This protocol describes a simple adhesive-tape-based approach for sampling of tomato and other fresh produce surfaces, followed by rapid whole cell detection of Salmonella using fluorescence in situ hybridization (FISH).
This protocol describes a simple approach for adhesive-tape-based sampling of tomato and other fresh produce surfaces, followed by on-tape fluorescence in situ hybridization (FISH) for rapid culture-independent detection of Salmonella spp. Cell-charged tapes can also be placed face-down on selective agar for solid-phase enrichment prior to detection. Alternatively, low-volume liquid enrichments (liquid surface miniculture) can be performed on the surface of the tape in non-selective broth, followed by FISH and analysis via flow cytometry. To begin, sterile adhesive tape is brought into contact with fresh produce, gentle pressure is applied, and the tape is removed, physically extracting microbes present on these surfaces.
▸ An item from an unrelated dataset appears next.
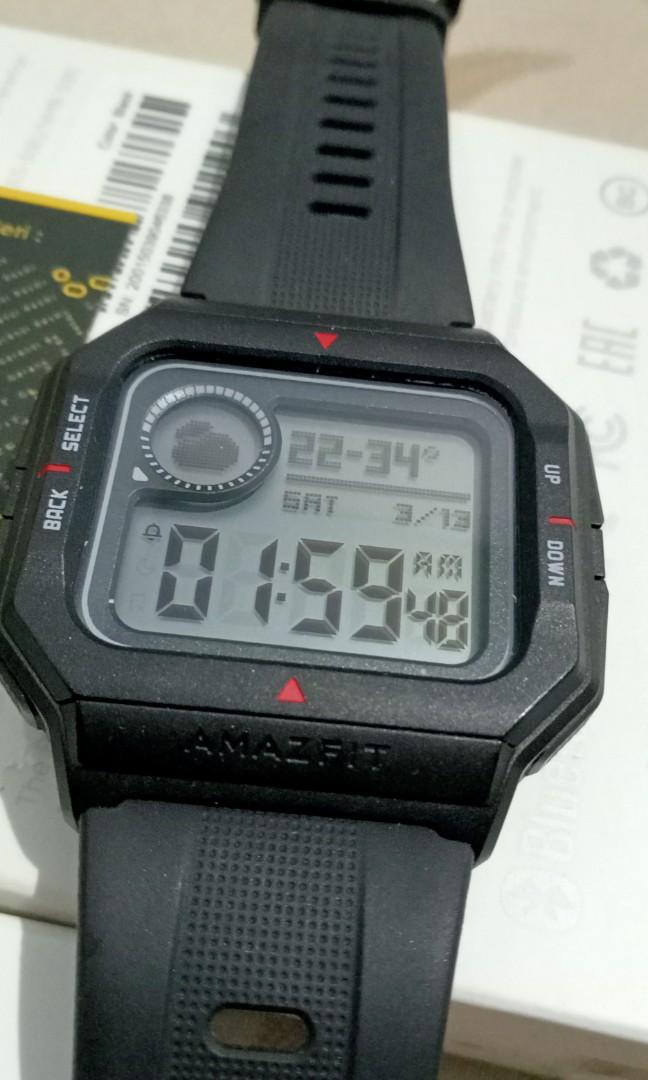 Amazfit Neo retro, Fesyen Pria, Jam Tangan di Carousell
Tapes are mounted sticky-side up onto glass microscope slides and the sampled cells are fixed with 10% formalin (30 min) and dehydrated using a graded ethanol series (50, 80, and 95%; 3 min each concentration). Next, cell-charged tapes are spotted with buffer containing a Salmonella-targeted DNA probe cocktail and hybridized for 15 – 30 min at 55°C, followed by a brief rinse in a washing buffer to remove unbound probe. Adherent, FISH-labeled cells are then counterstained with the DNA dye 4′,6-diamidino-2-phenylindole (DAPI) and results are viewed using fluorescence microscopy. For solid-phase enrichment, cell-charged tapes are placed face-down on a suitable selective agar surface and incubated to allow in situ growth of Salmonella microcolonies, followed by FISH and microscopy as described above. For liquid surface miniculture, cell-charged tapes are placed sticky side up and a silicone perfusion chamber is applied so that the tape and microscope slide form the bottom of a water-tight chamber into which a small volume (≤ 500 μL) of Trypticase Soy Broth (TSB) is introduced. The inlet ports are sealed and the chambers are incubated at 35 – 37°C, allowing growth-based amplification of tape-extracted microbes. Following incubation, inlet ports are unsealed, cells are detached and mixed with vigorous back and forth pipetting, harvested via centrifugation and fixed in 10% neutral buffered formalin. Finally, samples are hybridized and examined via flow cytometry to reveal the presence of Salmonella spp. As described here, our “tape-FISH” approach can provide simple and rapid sampling and detection of Salmonella on tomato surfaces. We have also used this approach for sampling other types of fresh produce, including spinach and jalapeño peppers.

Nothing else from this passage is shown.